Source data:

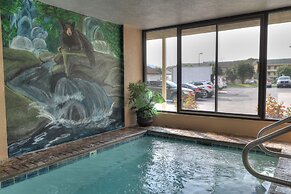 Comfort Inn & Suites At Dollywood Lane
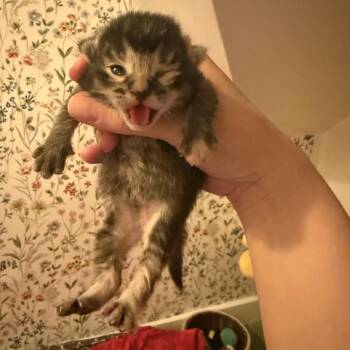 Crescent C10781 -  Domestic Short Hair Cat for Adoption - Crescent C10781 | PetCurious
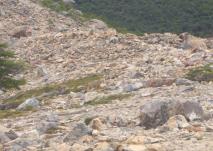Min_Cerro-Torre-018.jpg
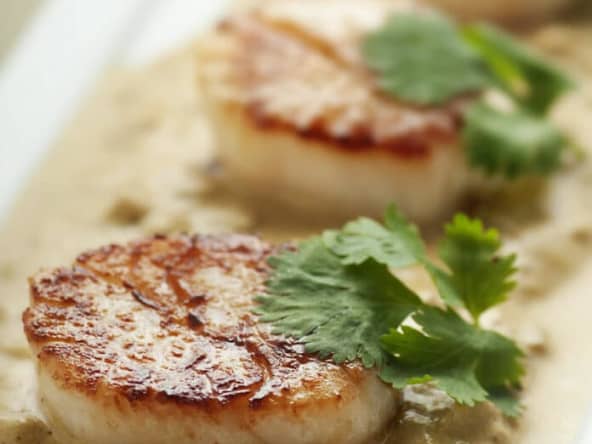 Blanquette de Saint-jacques aux champignons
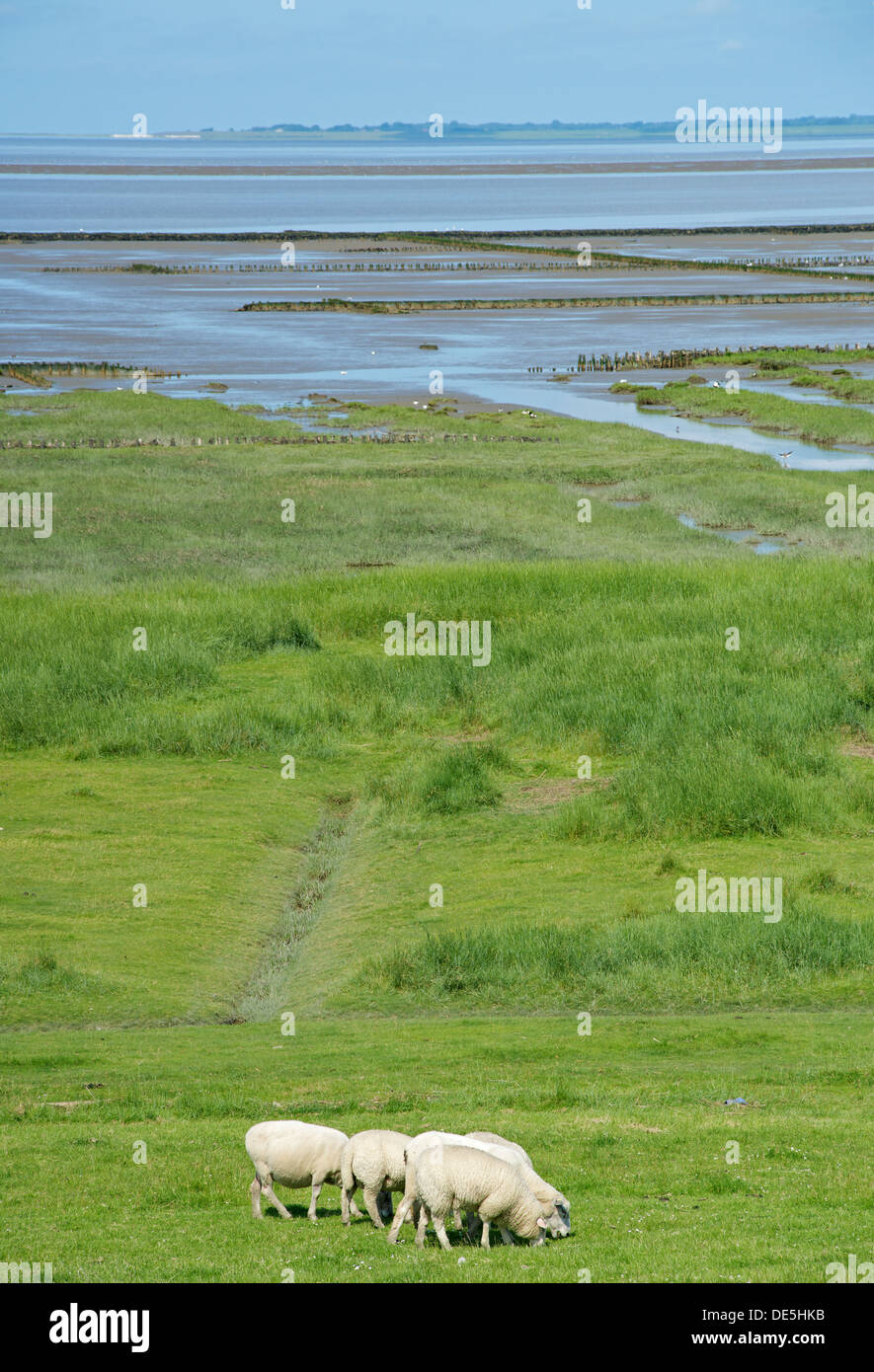 Pecore sulla diga del Mare del Nord Foto Stock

Brief:
Generate a word-for-word copy of the preceding records, excluding all pictures.

Answer space:
 Comfort Inn & Suites At Dollywood Lane
 Crescent C10781 -  Domestic Short Hair Cat for Adoption - Crescent C10781 | PetCurious
Min_Cerro-Torre-018.jpg
 Blanquette de Saint-jacques aux champignons
 Pecore sulla diga del Mare del Nord Foto Stock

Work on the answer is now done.